In the ΔLogR method, resistivity logs are superimposed to one of three porosity logs (neutron, DT and RHOB) (Passey et al. 1990; Liu et al. 2012). Resistivity logs are plotted on logarithmic scale and other logs (neutron, RHOB and DT logs) are displayed on linear scales (Rider 2002). Any combination of two logs can be taken i.e. resistivity/DT, resistivity/neutron or resistivity/RHOB. In this method, the neutron and RHOB logs are mostly affected by borehole wall rugosity, and it is better to use a combination of resistivity/DT for more precise results (Liu et al. 2012). Resistivity and DT curves are relatively scaled so that 100 µs/ft of sonic data is equal to two logarithmic cycles of resistivity data (i.e. 100 µs/ft = 2 Ωm or 50 µs/ft = 1 Ωm). Jianliang et al. (2012) also used GR logs by keeping similar scale factors for sonic data (50 API = 1 Ωm).
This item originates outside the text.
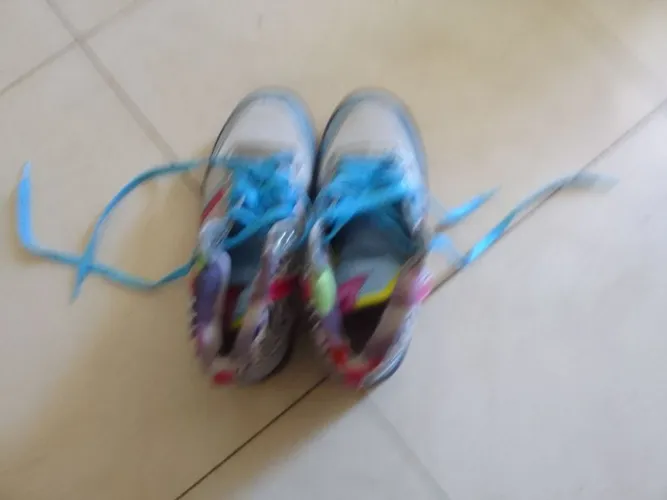 Tênis semi novo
The interval in which both curves are superimposed is known as a baseline. The baseline is mostly established in a fined grained non-source rock where both curves are on the top of each other with small or zero separation. The separation between the curves in the source rock is called ΔlogR which can be calculated mathematically as:

$$\Delta {\text{Log}}{{\text{R}}_{{\text{DT}}}}=~{\text{Lo}}{{\text{g}}_{{\text{10}}}}\left( {\frac{{\text{R}}}{{{{\text{R}}_{{\text{Baseline}}}}}}} \right) - ~0.02~ \times ~\left( {\Delta {\text{t}}+~\Delta {{\text{t}}_{{\text{Baseline}}}}} \right).$$
(1)

here \(\Delta {\text{Log}}{{\text{R}}_{{\text{DT}}}}\) reflects the separation between DT and resistivity logs, \({\text{R}}\) is the true resistivity from LLD or ILD resistivity logs, \({{\text{R}}_{{\text{Baseline}}}}\) is the value of resistivity corresponding to sonic transit time at baseline, \(\Delta {\text{t}}\) is the sonic transit time and \(\Delta {{\text{t}}_{{\text{Baseline}}}}\) is the value of sonic transit time corresponding to resistivity at the baseline. The constant value 0.02 is the scaling factor. Using \(\Delta {\text{Log}}{{\text{R}}_{{\text{DT}}}}\), TOC can be estimated as:

$${\text{TO}}{{\text{C}}_{{\text{DT}}}}=~\Delta {\text{Log}}{{\text{R}}_{{\text{DT}}}} \times ~{10^{\left( {2.297 - 0.1688~ \times {\text{LOM}}} \right)}}.$$
(2)

The \({\text{TO}}{{\text{C}}_{{\text{DT}}}}\) is the TOC calculated using DT log, and \({\text{LOM}}\) is the level of organic maturity. LOM values can be best obtained from core data. Whenever core data are not available, then conodont alteration indexes and Hood et al. (1975) charts can be used for LOM calculation, provided that vitrinite reflectance data is available (Passey et al. 1990).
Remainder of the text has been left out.